Leaving out the pictures, print exactly the lines from the one holding "Thomas Scott Classic" to the last line of the entries below, both included, and nothing more.
======== RECORDS TO USE
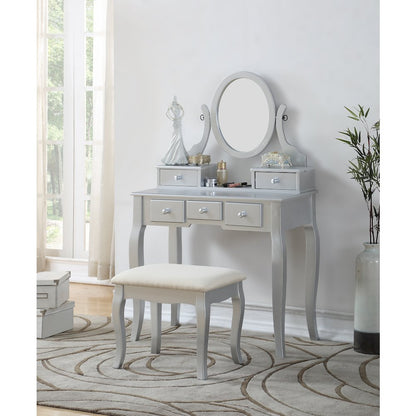 Ashley Wood Makeup Vanity Table and Stool Set, Silver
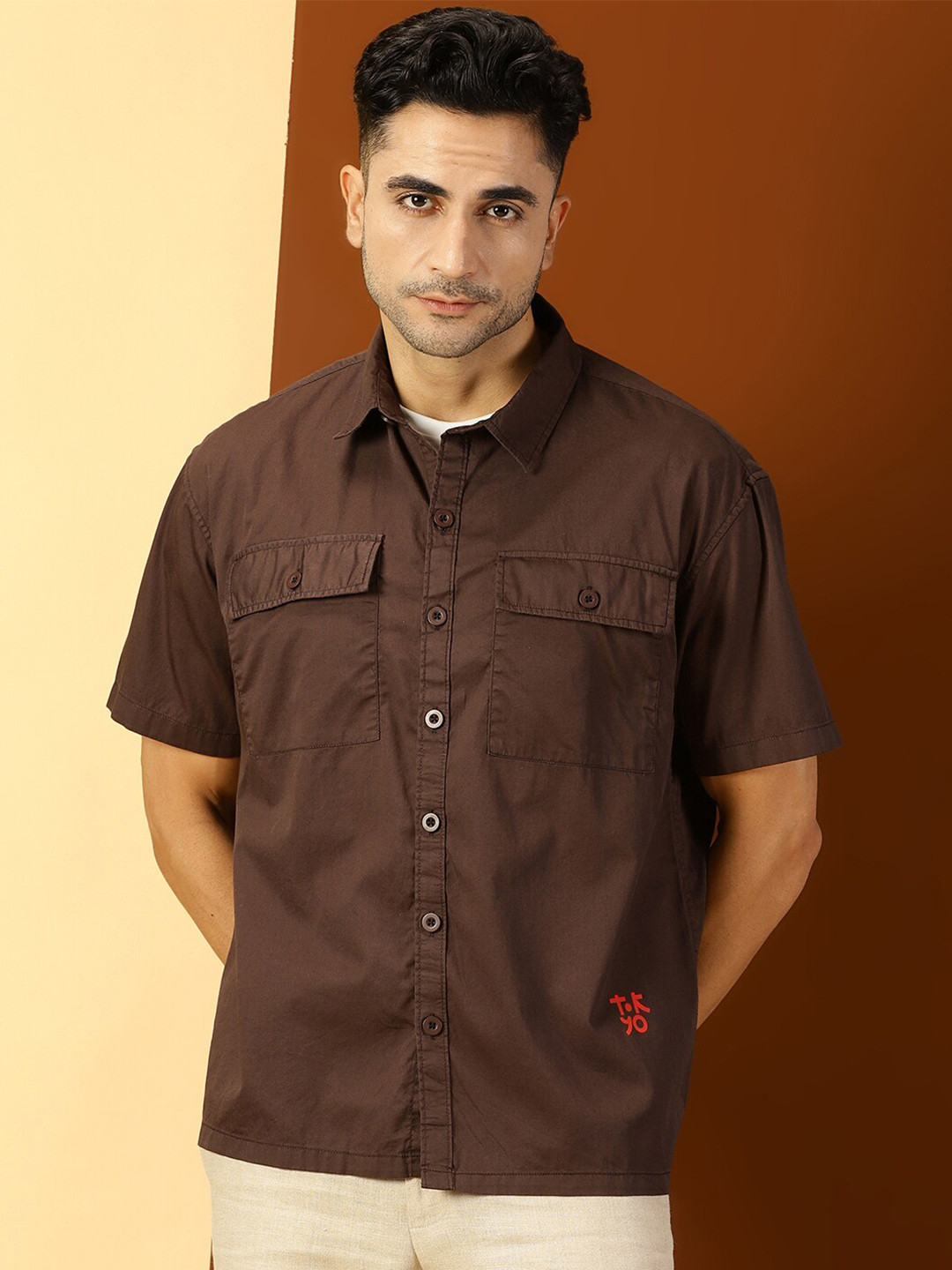 Thomas Scott Classic Boxy Fit Twill Weave Pure Cotton Casual Shirt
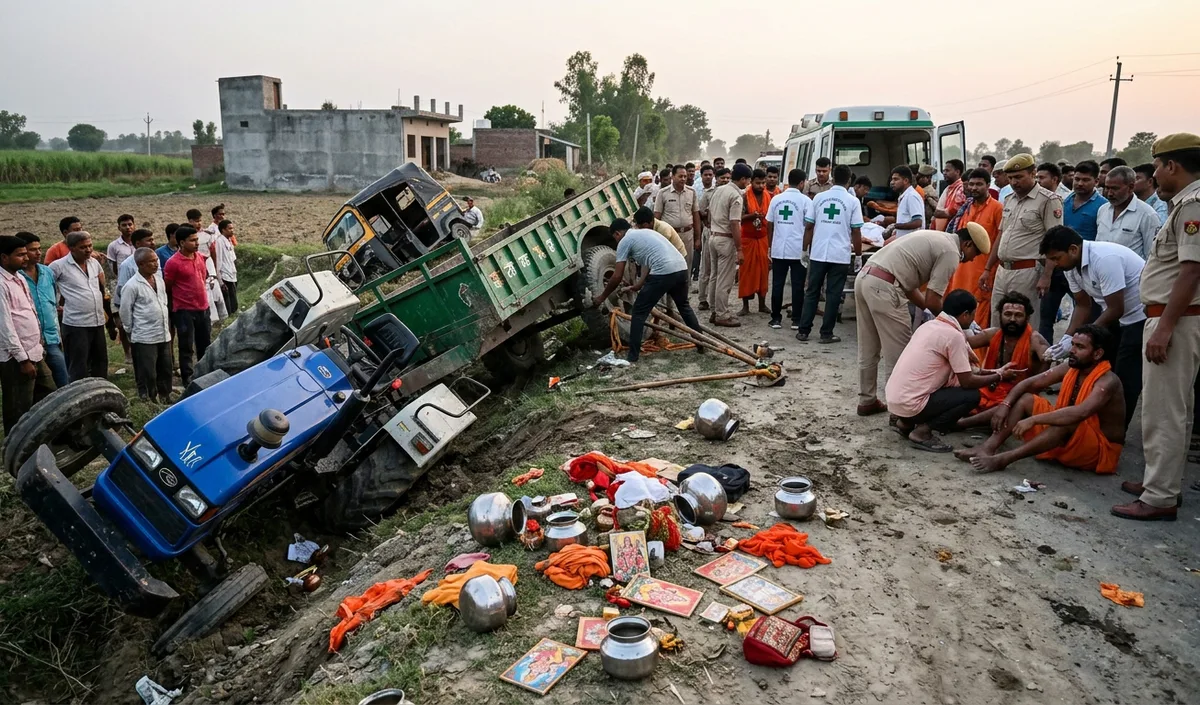 Bareilly में कांवड़ यात्रियों की ट्रैक्टर-ट्रॉली पलटी, 1 की मौत और 24 लोग घायल हुए Bareilly में कांवड़ यात्रियों की ट्रैक्टर-ट्रॉली पलटी, 1 की मौत और 24 लोग घायल हुए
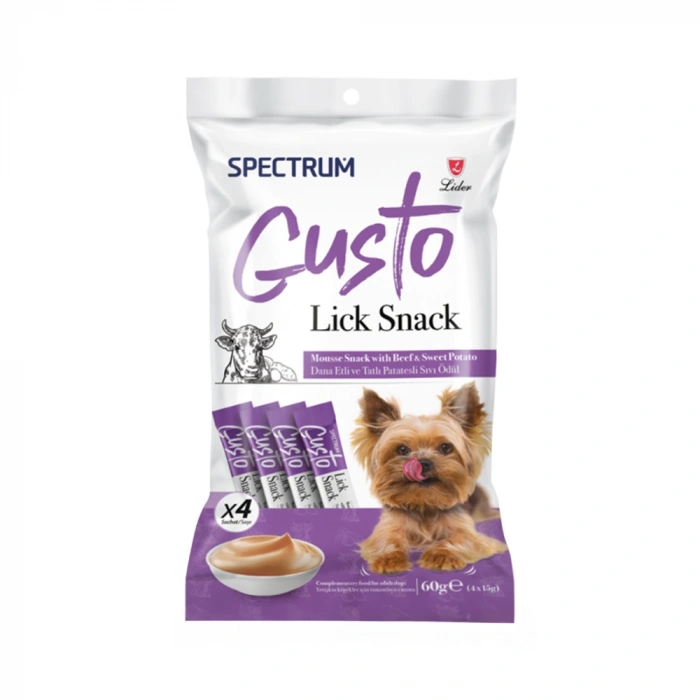 Spectrum Gusto Dana Etli ve Tatlı Patatesli Sıvı Köpek Ödül Maması (4 x 15 g)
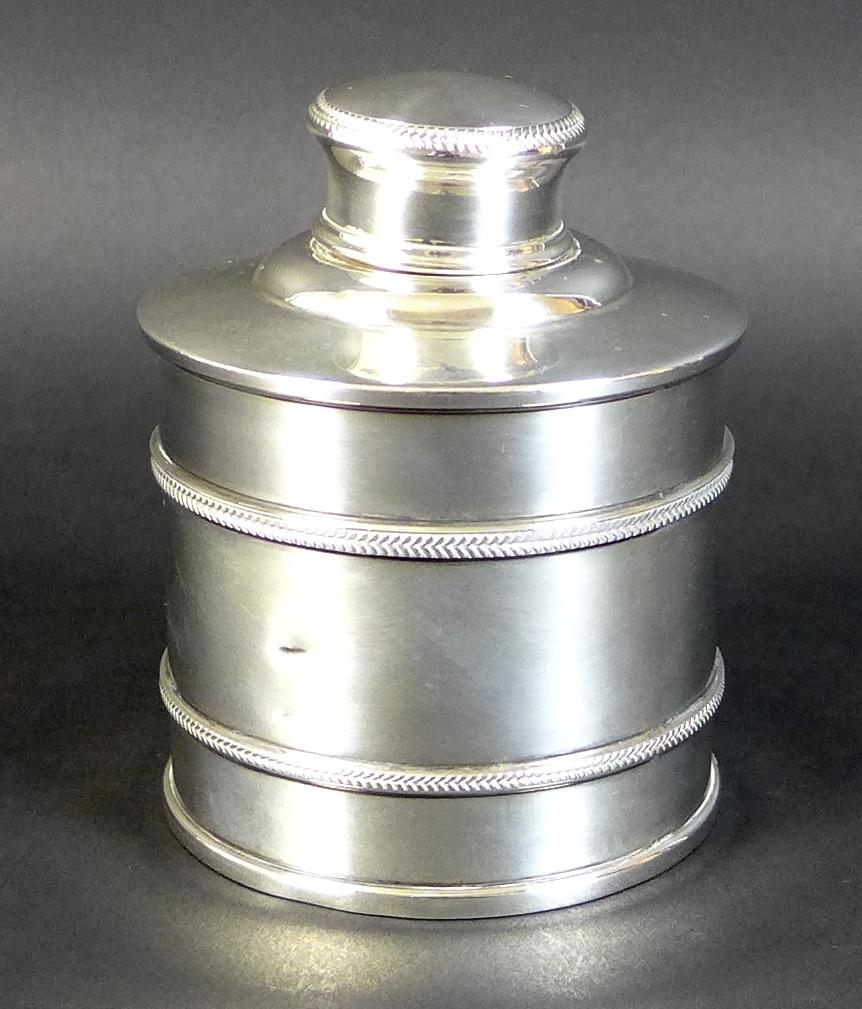 A George V silver dressing table bottle, of cylindrical form with banded body and lift off lid, - Image 3 of 8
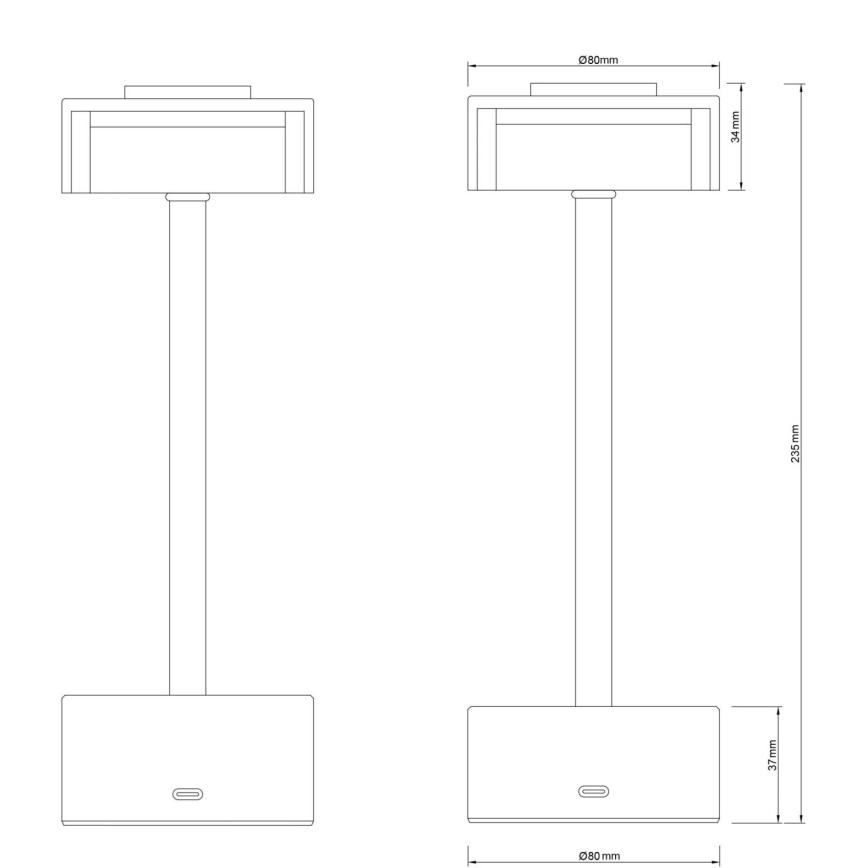 Globo - Genopladelig  LED bordlampe m. touch-funktion dæmpbar LED/2,5W/3,7V 2700/4000/6500K 1800mAh mat krom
================
◆ ANSWER FOR THIS EXERCISE
 Thomas Scott Classic Boxy Fit Twill Weave Pure Cotton Casual Shirt
 Bareilly में कांवड़ यात्रियों की ट्रैक्टर-ट्रॉली पलटी, 1 की मौत और 24 लोग घायल हुए Bareilly में कांवड़ यात्रियों की ट्रैक्टर-ट्रॉली पलटी, 1 की मौत और 24 लोग घायल हुए
 Spectrum Gusto Dana Etli ve Tatlı Patatesli Sıvı Köpek Ödül Maması (4 x 15 g)
 A George V silver dressing table bottle, of cylindrical form with banded body and lift off lid, - Image 3 of 8
 Globo - Genopladelig  LED bordlampe m. touch-funktion dæmpbar LED/2,5W/3,7V 2700/4000/6500K 1800mAh mat krom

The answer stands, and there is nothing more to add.